*Task item*. Copy the listing below letter for letter, passing over each picture.

*Data provided*.
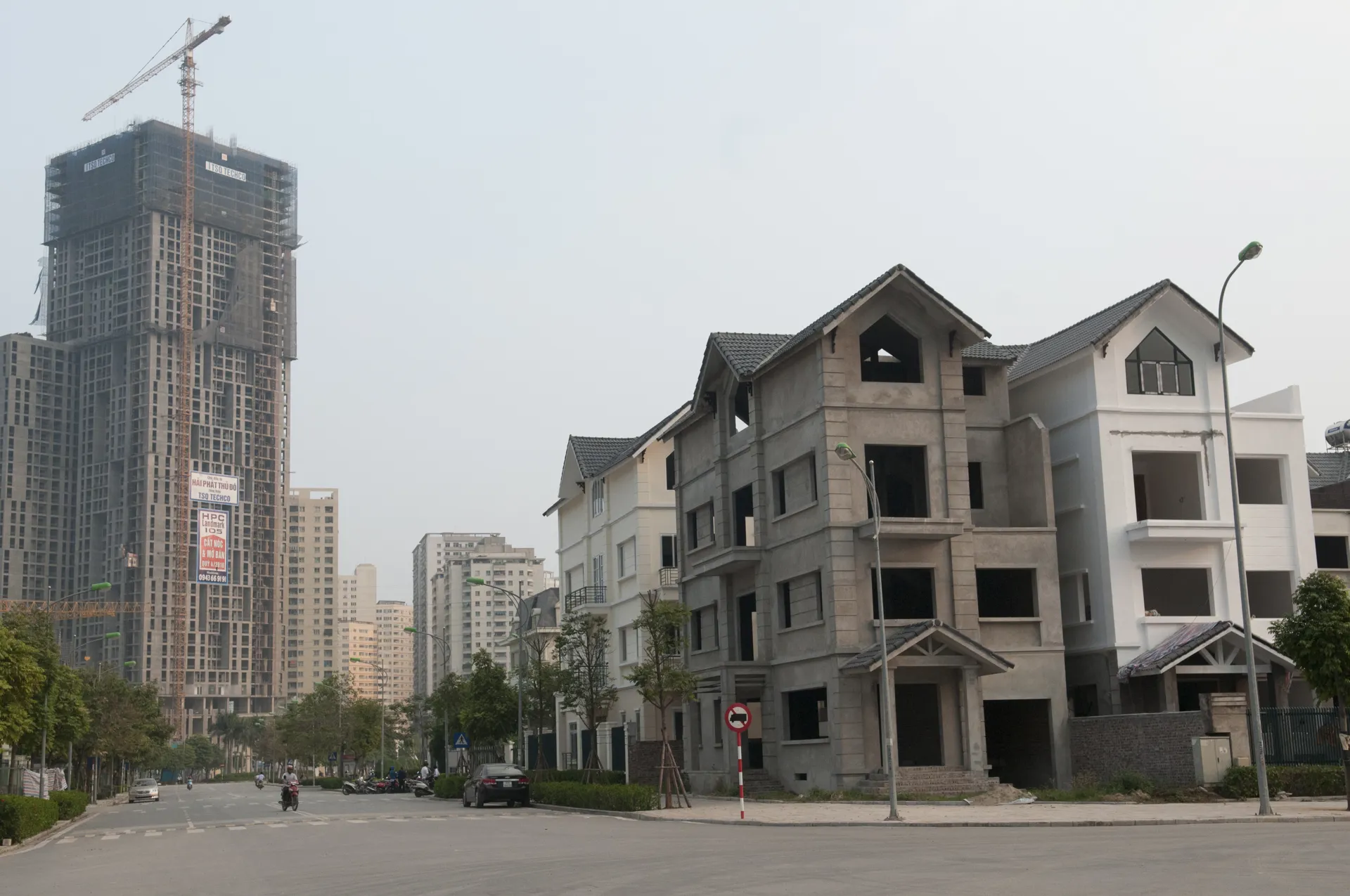 Nguồn vốn vẫn là khó khăn dai dẳng, đeo bám nhiều DN bất động sản. Ảnh: Hải Linh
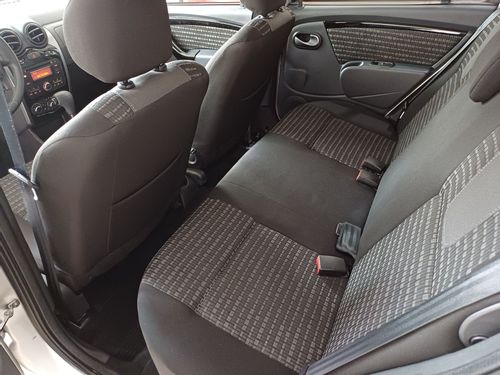 SANDERO PRIVILEGE 1.6 16V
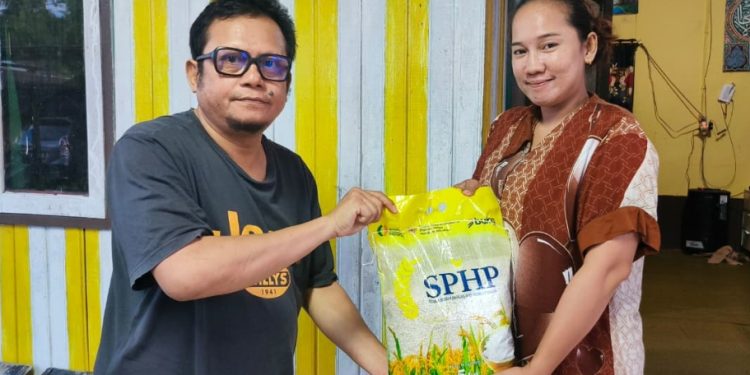 Polres Gandeng Wartawan Salurkan 740 Karung Beras untuk Warga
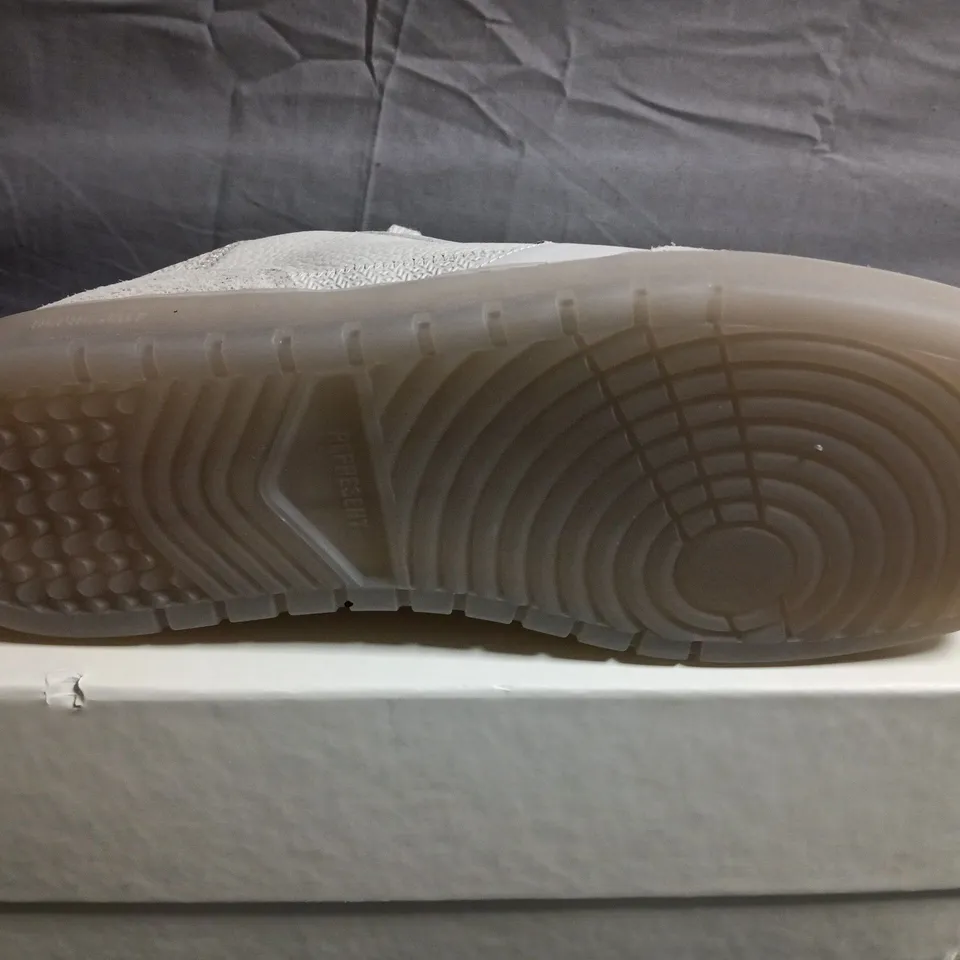 BOXED PAIR OF REPRESENT TRAINERS – UK SIZE 11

*Task answer*.
 Nguồn vốn vẫn là khó khăn dai dẳng, đeo bám nhiều DN bất động sản. Ảnh: Hải Linh
 SANDERO PRIVILEGE 1.6 16V
 Polres Gandeng Wartawan Salurkan 740 Karung Beras untuk Warga
 BOXED PAIR OF REPRESENT TRAINERS – UK SIZE 11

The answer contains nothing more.